## Your goal
Only these lines are needed: the first line of the entries below through the line with "708 - A collection", each returned exactly.

## Source information
═══

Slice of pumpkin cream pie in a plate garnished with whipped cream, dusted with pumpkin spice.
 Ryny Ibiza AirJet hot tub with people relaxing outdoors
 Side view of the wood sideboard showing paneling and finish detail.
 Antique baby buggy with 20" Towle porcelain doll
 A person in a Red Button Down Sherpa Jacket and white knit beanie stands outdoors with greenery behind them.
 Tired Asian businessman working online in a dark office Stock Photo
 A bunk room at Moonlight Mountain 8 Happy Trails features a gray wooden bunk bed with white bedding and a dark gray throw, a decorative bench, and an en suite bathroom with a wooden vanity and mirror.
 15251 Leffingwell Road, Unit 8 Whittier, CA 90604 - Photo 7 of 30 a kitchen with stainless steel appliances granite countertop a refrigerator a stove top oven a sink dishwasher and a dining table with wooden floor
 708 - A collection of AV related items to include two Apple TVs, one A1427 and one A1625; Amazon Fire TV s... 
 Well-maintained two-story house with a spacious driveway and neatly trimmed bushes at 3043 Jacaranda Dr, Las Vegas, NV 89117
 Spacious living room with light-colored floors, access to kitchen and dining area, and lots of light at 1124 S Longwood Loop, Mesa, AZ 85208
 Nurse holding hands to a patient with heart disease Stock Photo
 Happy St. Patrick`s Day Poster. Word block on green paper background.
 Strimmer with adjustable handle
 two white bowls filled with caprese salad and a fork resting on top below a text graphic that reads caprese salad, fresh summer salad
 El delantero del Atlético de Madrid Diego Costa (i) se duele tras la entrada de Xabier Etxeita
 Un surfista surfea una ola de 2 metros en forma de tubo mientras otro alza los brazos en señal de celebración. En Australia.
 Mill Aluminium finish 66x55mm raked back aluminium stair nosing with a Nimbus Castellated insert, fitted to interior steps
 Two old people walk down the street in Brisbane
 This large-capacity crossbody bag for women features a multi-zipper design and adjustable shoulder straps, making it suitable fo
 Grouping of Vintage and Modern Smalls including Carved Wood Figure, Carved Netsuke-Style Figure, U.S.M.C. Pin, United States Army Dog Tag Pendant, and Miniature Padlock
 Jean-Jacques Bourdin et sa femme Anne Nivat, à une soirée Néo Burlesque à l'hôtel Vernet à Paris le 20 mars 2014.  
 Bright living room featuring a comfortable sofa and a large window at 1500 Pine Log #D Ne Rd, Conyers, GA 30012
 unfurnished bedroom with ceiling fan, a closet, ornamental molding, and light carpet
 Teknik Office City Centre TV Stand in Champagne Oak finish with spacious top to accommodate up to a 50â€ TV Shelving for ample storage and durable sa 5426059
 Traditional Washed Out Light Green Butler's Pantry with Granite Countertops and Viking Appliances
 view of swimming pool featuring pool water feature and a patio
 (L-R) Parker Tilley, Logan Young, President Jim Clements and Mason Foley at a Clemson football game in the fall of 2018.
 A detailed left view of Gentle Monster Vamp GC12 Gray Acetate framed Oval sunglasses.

═══

## Solution to this exercise
Slice of pumpkin cream pie in a plate garnished with whipped cream, dusted with pumpkin spice.
 Ryny Ibiza AirJet hot tub with people relaxing outdoors
 Side view of the wood sideboard showing paneling and finish detail.
 Antique baby buggy with 20" Towle porcelain doll
 A person in a Red Button Down Sherpa Jacket and white knit beanie stands outdoors with greenery behind them.
 Tired Asian businessman working online in a dark office Stock Photo
 A bunk room at Moonlight Mountain 8 Happy Trails features a gray wooden bunk bed with white bedding and a dark gray throw, a decorative bench, and an en suite bathroom with a wooden vanity and mirror.
 15251 Leffingwell Road, Unit 8 Whittier, CA 90604 - Photo 7 of 30 a kitchen with stainless steel appliances granite countertop a refrigerator a stove top oven a sink dishwasher and a dining table with wooden floor
 708 - A collection of AV related items to include two Apple TVs, one A1427 and one A1625; Amazon Fire TV s... 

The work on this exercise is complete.